____ RECORDS SUPPLIED

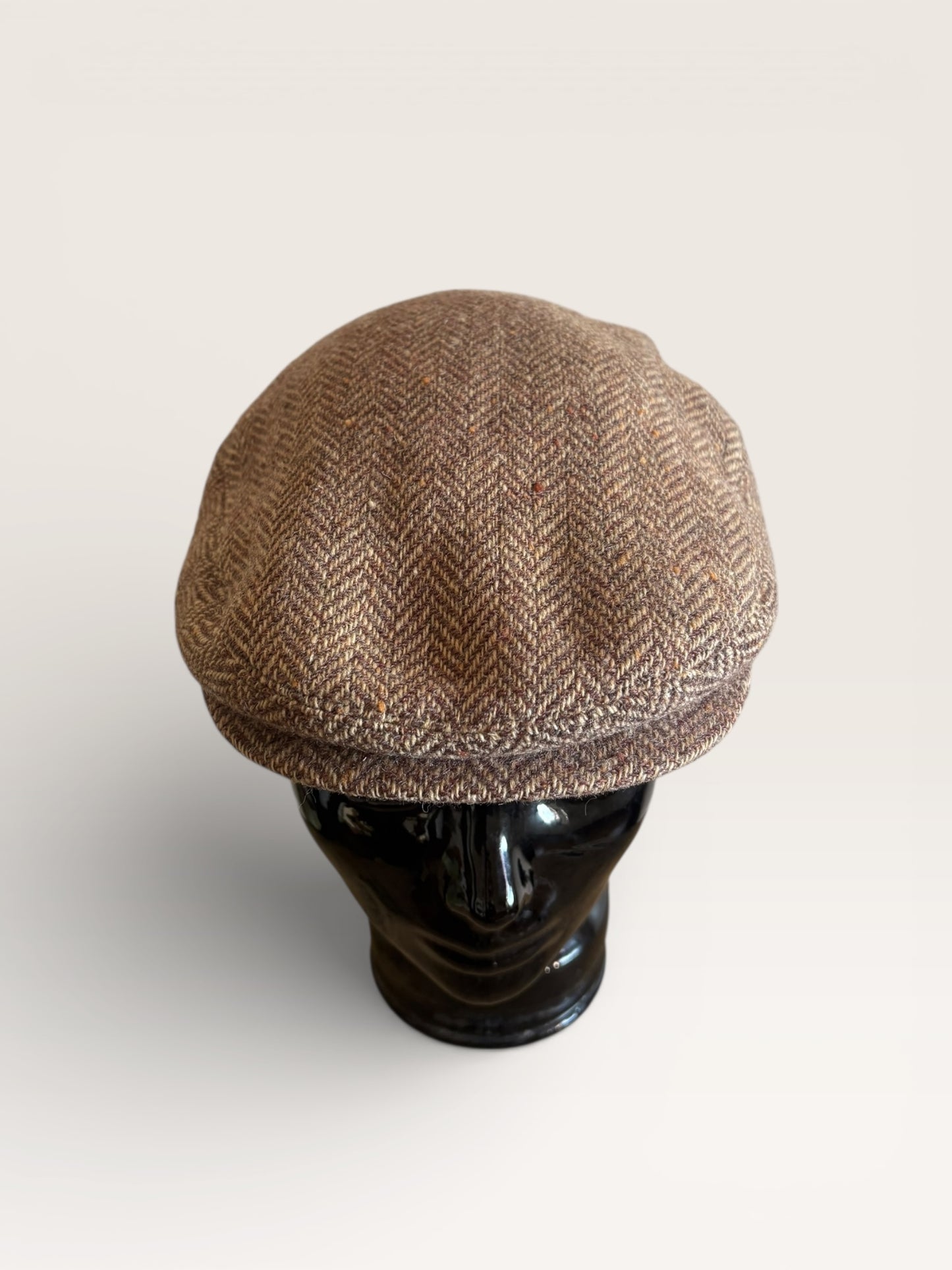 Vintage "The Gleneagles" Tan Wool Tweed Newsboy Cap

________
____ RECORDS SUPPLIED

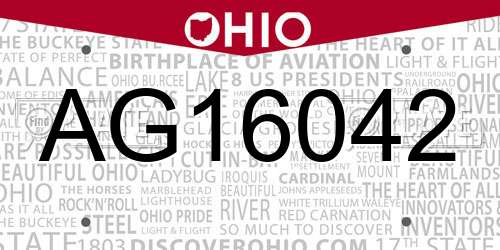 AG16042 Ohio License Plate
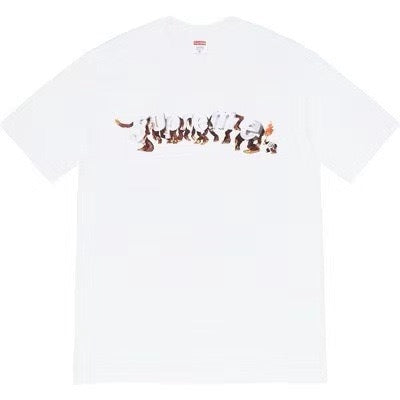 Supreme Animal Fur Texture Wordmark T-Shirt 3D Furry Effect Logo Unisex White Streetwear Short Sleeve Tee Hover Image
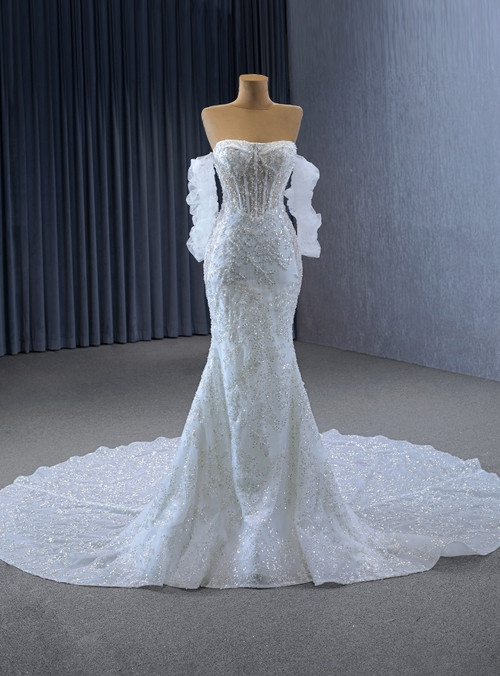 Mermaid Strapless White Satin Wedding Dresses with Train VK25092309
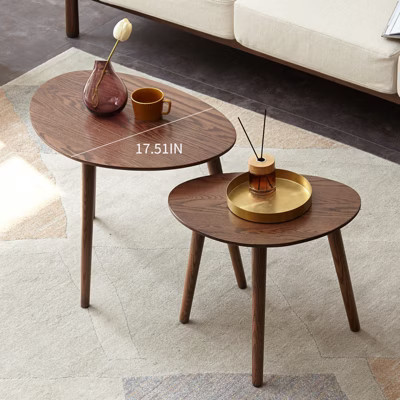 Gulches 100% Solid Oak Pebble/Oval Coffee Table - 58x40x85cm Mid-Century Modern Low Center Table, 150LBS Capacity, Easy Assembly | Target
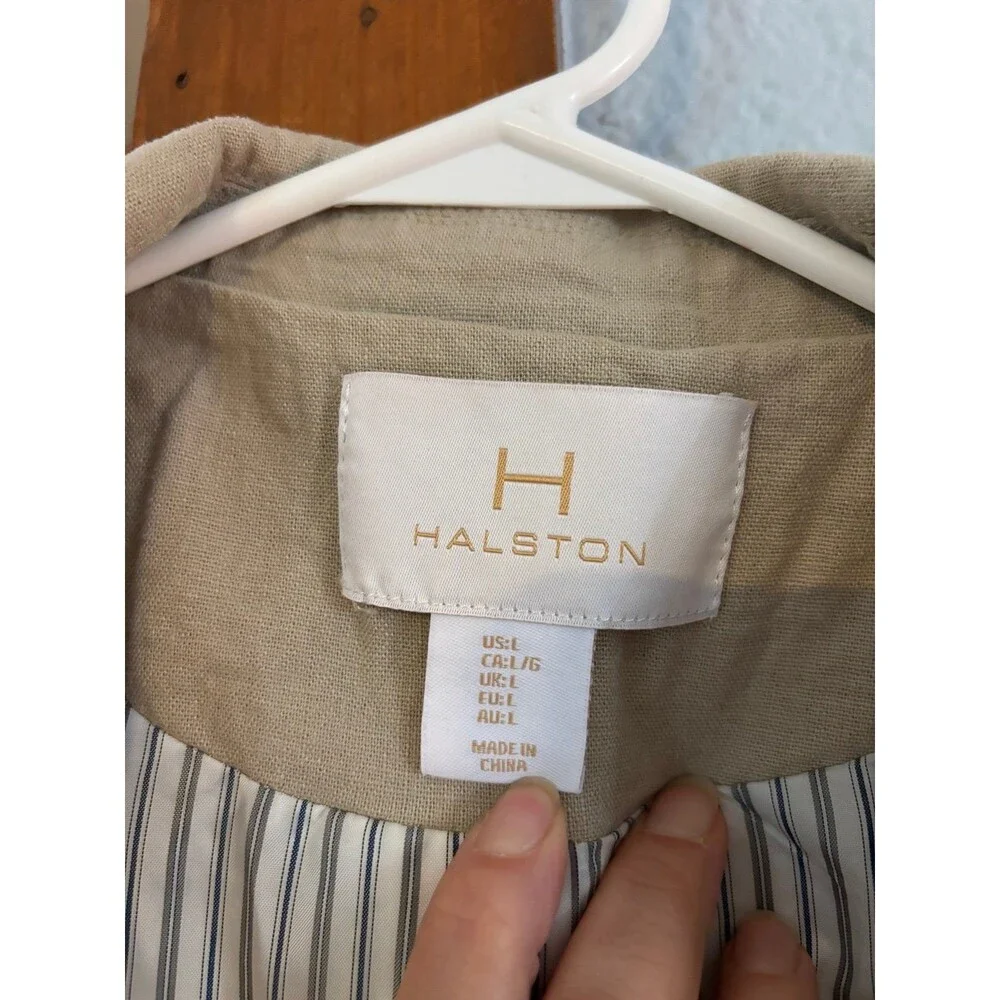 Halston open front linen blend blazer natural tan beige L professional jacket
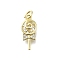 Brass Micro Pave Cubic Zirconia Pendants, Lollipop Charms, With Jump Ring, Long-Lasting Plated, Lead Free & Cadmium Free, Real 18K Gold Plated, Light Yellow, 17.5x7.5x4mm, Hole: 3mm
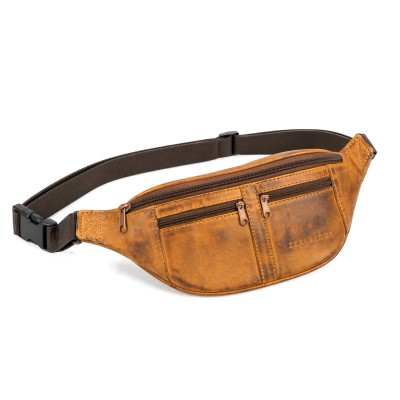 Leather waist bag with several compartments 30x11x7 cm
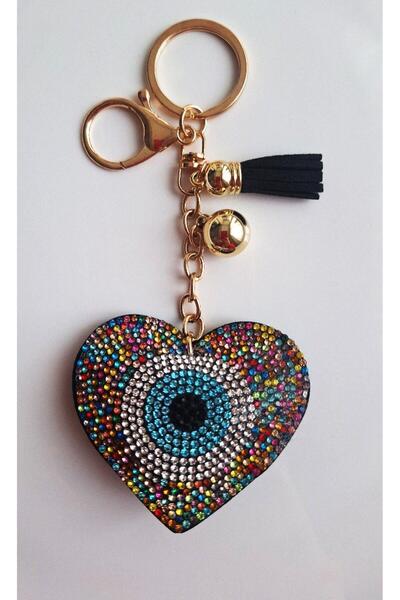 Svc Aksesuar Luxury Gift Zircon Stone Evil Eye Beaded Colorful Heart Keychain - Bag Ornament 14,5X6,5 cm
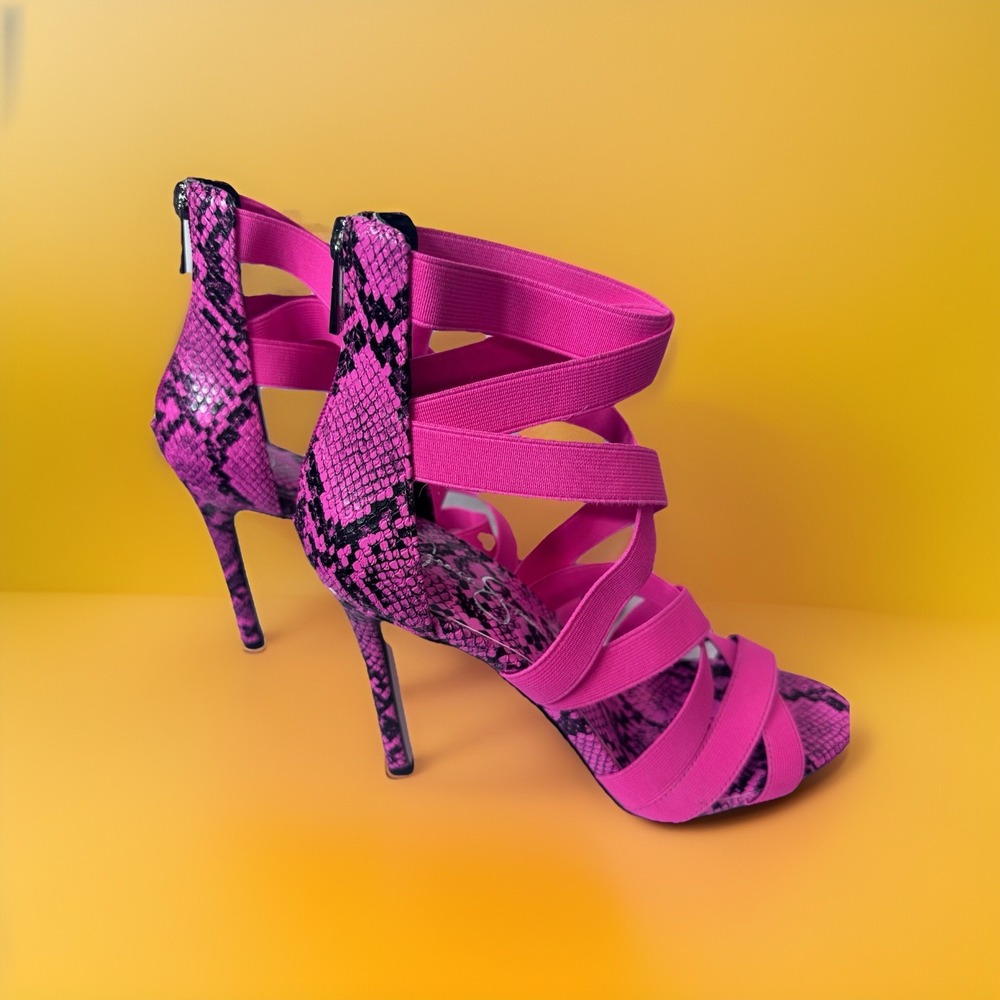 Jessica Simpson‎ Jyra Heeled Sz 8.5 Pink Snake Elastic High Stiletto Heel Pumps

________
____ RECORDS SUPPLIED

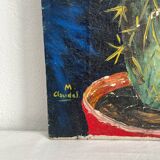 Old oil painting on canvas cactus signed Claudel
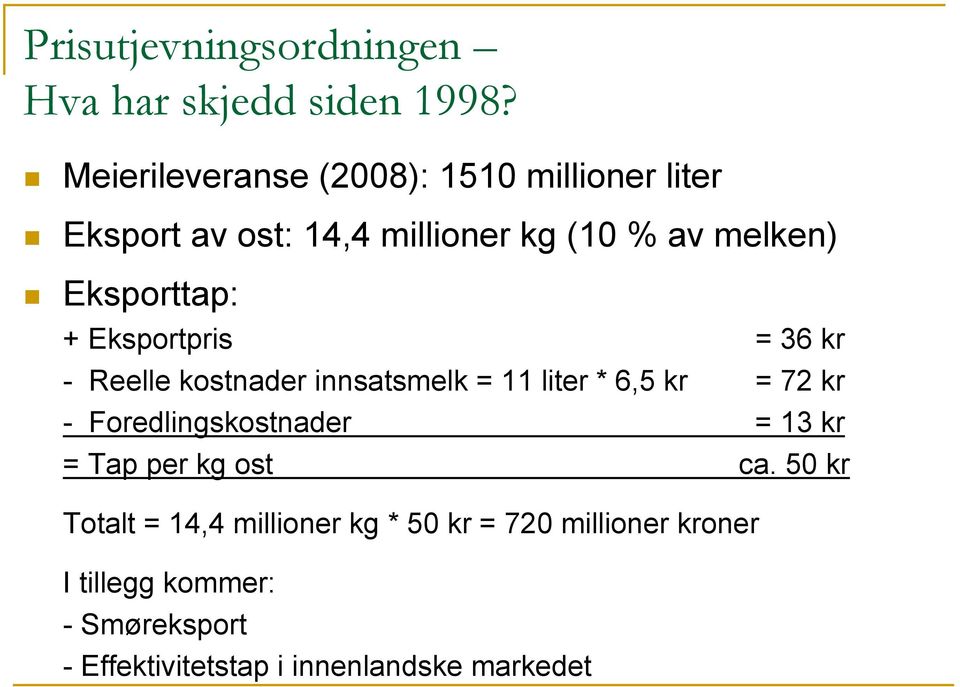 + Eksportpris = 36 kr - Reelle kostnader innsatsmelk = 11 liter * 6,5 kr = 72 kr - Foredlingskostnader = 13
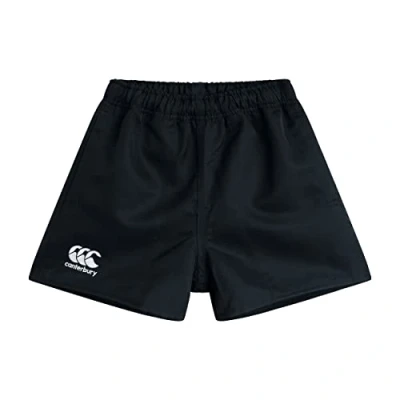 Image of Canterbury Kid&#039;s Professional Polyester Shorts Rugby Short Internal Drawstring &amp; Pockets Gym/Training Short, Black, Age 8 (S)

________

**EXERCISE**: Would you please reproduce the entries above, starting at the line with "Gulches 100% Solid" and stopping after the line with "Leather waist bag"? Omit any pictures.

**EXERCISE RESPONSE**:
 Gulches 100% Solid Oak Pebble/Oval Coffee Table - 58x40x85cm Mid-Century Modern Low Center Table, 150LBS Capacity, Easy Assembly | Target
 Halston open front linen blend blazer natural tan beige L professional jacket
 Brass Micro Pave Cubic Zirconia Pendants, Lollipop Charms, With Jump Ring, Long-Lasting Plated, Lead Free & Cadmium Free, Real 18K Gold Plated, Light Yellow, 17.5x7.5x4mm, Hole: 3mm
 Leather waist bag with several compartments 30x11x7 cm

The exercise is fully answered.